Serramenti in sofferenza, ma l'export salva le facciate «made in Italy»

Giuseppe Latour

Le anticipazioni del rapporto Unicmi 2015 al Made Expo di Milano: dal 2009 a oggi perso il 35% del fatturato, per le finestre vendite giù del 7 per cento

Serramenti in sofferenza, a causa della guerra dei prezzi in corso. E facciate continue che tengono, grazie alle esportazioni. Sono queste le due tendenze individuate da Unicmi, l'associazione delle industrie di costruzioni metalliche, involucro e serramenti, nell'anticipo del suo rapporto 2015 in uscita a luglio, preparato per il Made Expo. Complessivamente, comunque, la crisi del comparto dei serramenti metallici e delle facciate che ha comportato una perdita di fatturato di circa il 35% dal 2009 ad oggi, ha fatto sentire i suoi effetti anche nel 2014.

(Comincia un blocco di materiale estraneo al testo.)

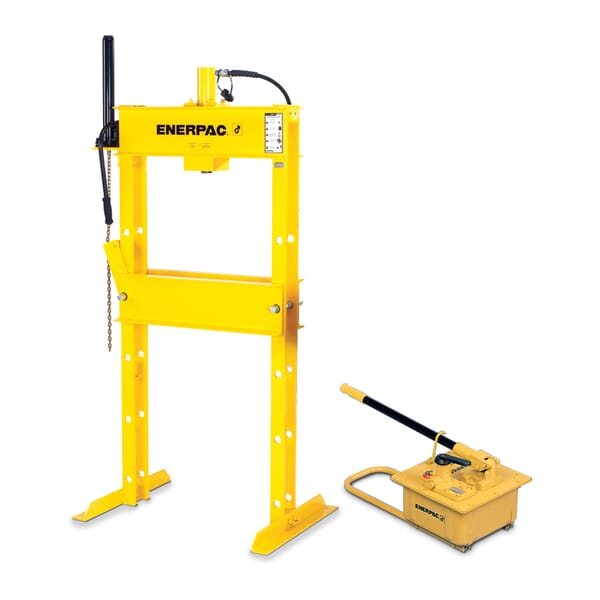 Enerpac IPH5030 Hydraulic Press, 50 ton Capacity, 42-3/4 in L x 36 in W Base, 6 in L Stroke, H Frame, 76 in H, Hydraulic Hand Pump, 10000 psi Pressure, Manual Power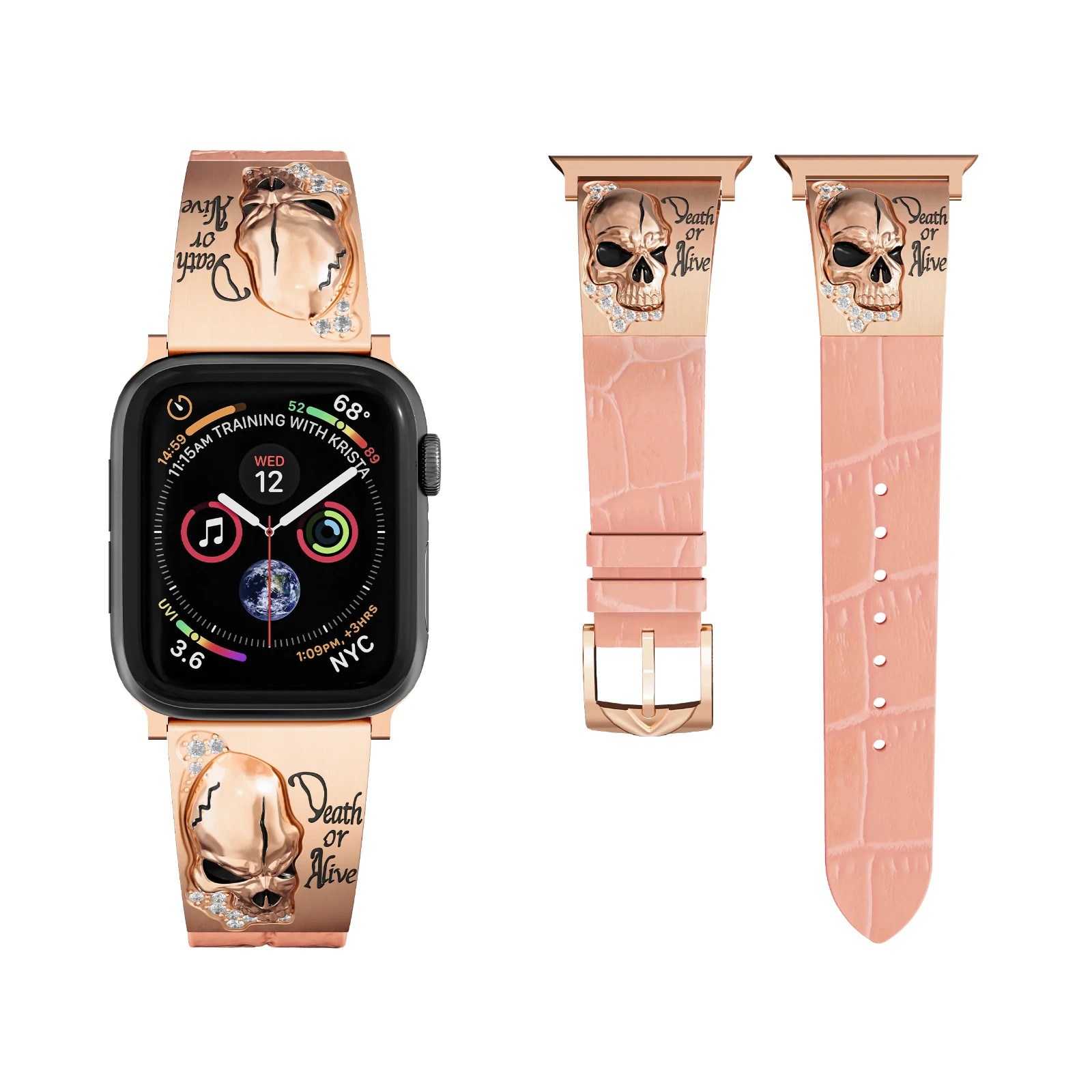 Artlincor Apple Watch Metal Leather Band Rose Gold/Pink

Nel mercato delle finestre, stando ai dati di Unicmi, si registra una contrazione delle vendite, in valore, stimabile in circa il 7 per cento. Si tratta di un dato particolarmente allarmante, determinato dalla guerra dei prezzi in corso nel settore dei serramenti, sia nel segmento delle nuove costruzioni sia nel segmento della sostituzione. Le rilevazioni dell'associazione evidenziano, infatti, una caduta dei prezzi medi tra l'8% e il 10% per i serramenti metallici dal 2013 al 2014.

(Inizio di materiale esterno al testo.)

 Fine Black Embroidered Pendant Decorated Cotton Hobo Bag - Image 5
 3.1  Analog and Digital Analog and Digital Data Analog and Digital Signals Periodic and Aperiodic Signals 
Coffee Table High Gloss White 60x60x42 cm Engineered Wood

Una caduta che è stata determinata sia dagli sconti aggressivi praticati dai costruttori di serramenti sia dallo spostamento dell'offerta su prodotti "budget", caratterizzati da prezzi medi inferiori e soluzioni costruttive semplificate, soprattutto se rapportate a quelle proposte sul mercato nel recente passato. Lo spostamento del mercato verso il basso è stato inizialmente propiziato dall'introduzione di prodotti in Pvc a basso prezzo di produzione estera (Est Europa), a cui hanno fatto seguito le reazioni dei serramentisti nazionali (indipendentemente dal materiale proposto) che hanno quindi ingenerato una pericolosa guerra di prezzo.

«La guerra di prezzo – dicono dall'associazione - ha subito un'ulteriore accelerazione per via dei fornitori strategici dei costruttori di serramenti in alluminio (produttori di sistemi e accessori per serramenti) che, per mettere i propri clienti in condizioni di competere con i serramenti di Pvc a basso costo, hanno tagliato i prezzi dei componenti e dei semilavorati e inserito prodotti caratterizzati da prezzi inferiori».

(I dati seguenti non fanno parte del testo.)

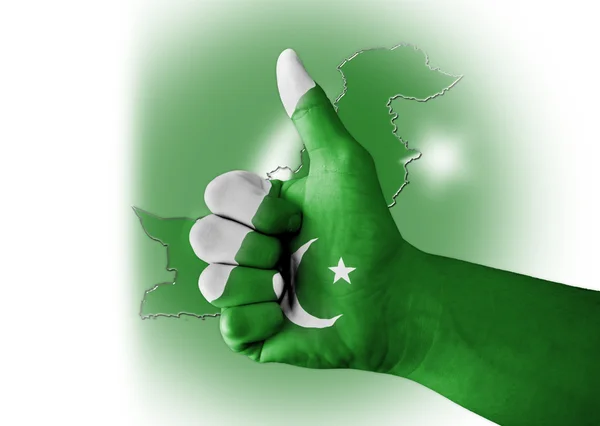 Пальцем вверх с выкрашенным в цифровой цвет флагом Пакистана. Стоковое Изображение
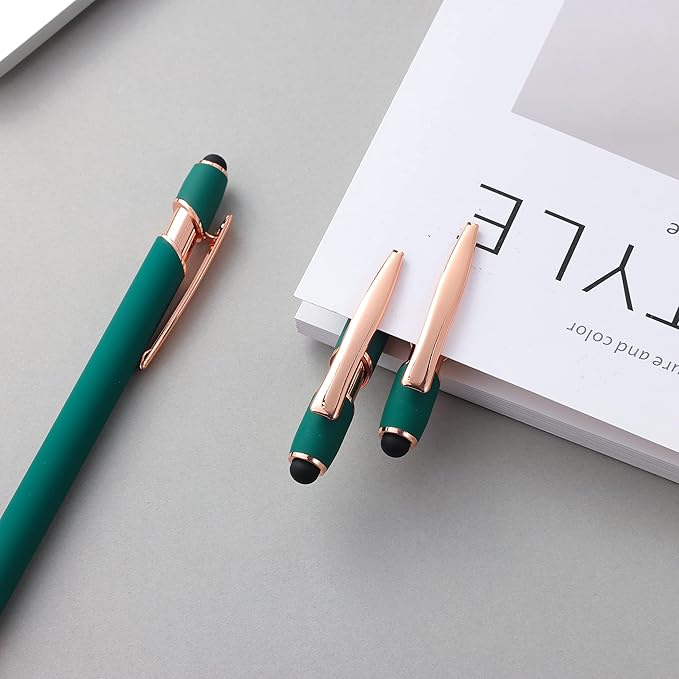 12 PCS 2 in 1 Stylus Ballpoint Pen with Stylus Tip, 1.0 mm Black Ink Metal Pen Stylus Pen for Touch Screens (Rose Gold & Green)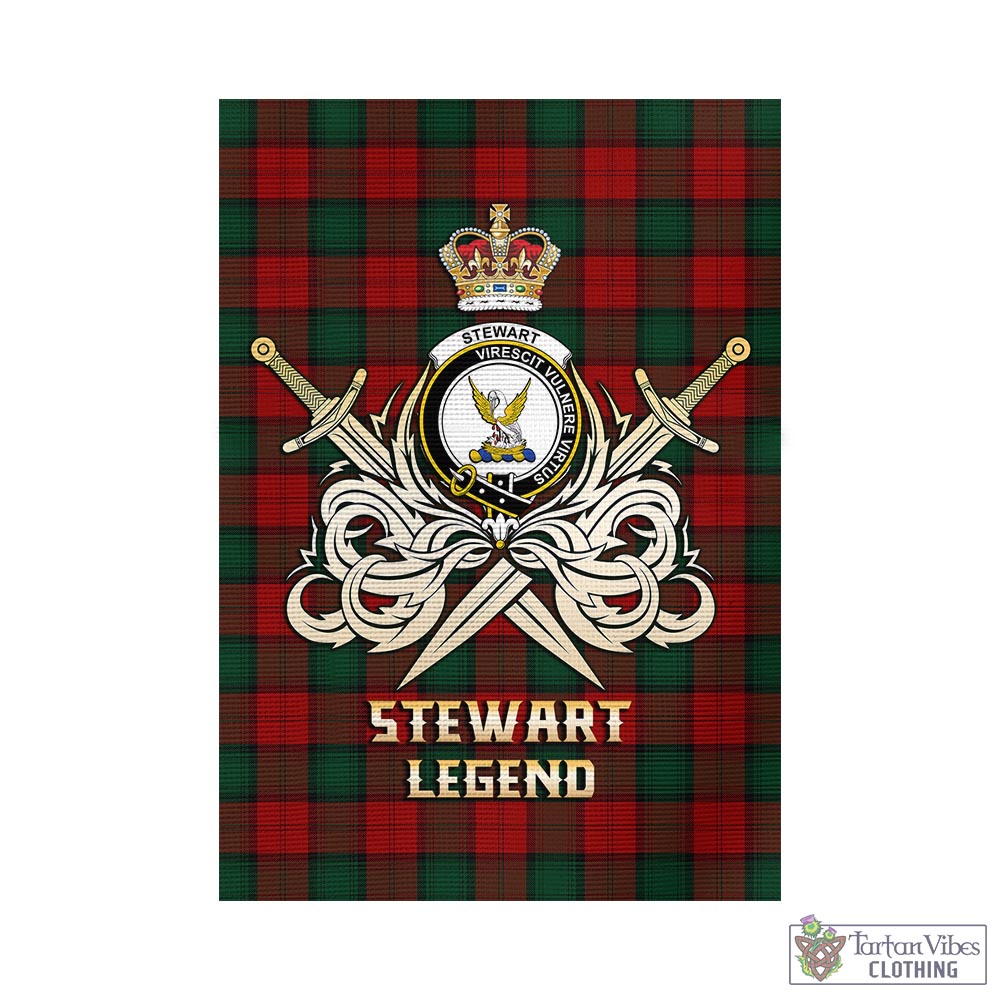 Tartan Vibes Clothing Stewart of Atholl Tartan Flag with Clan Crest and the Golden Sword of Courageous Legacy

Sul fronte delle facciate continue, invece, lo scenario del mercato è caratterizzato da una situazione di sostanziale stabilità, anche se i dati rilevati dai costruttori segnalano un andamento positivo del fatturato, principalmente ascrivibile ai lavori realizzati da aziende italiane sui mercati esteri. «La quota di export sul fatturato dei costruttori di facciate continue – spiegano dall'associazione - si attesta stabilmente tra il 35 e il 40 per cento. Si tratta di un processo di internazionalizzazione relativamente recente, iniziato circa quattro anni fa, che le aziende hanno condotto in modo veloce per reagire alla crisi della domanda sul mercato interno e collocarsi su mercati caratterizzati da maggiori volumi ed elevata marginalità, quali quello francese ed inglese».